Brief
Would you please restate all of the data exactly?

Given information

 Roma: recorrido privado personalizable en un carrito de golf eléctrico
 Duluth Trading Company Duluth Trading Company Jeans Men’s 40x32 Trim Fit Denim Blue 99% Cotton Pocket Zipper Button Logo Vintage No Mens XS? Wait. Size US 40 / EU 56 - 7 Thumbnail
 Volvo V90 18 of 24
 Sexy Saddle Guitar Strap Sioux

Written response
 Roma: recorrido privado personalizable en un carrito de golf eléctrico
 Duluth Trading Company Duluth Trading Company Jeans Men’s 40x32 Trim Fit Denim Blue 99% Cotton Pocket Zipper Button Logo Vintage No Mens XS? Wait. Size US 40 / EU 56 - 7 Thumbnail
 Volvo V90 18 of 24
 Sexy Saddle Guitar Strap Sioux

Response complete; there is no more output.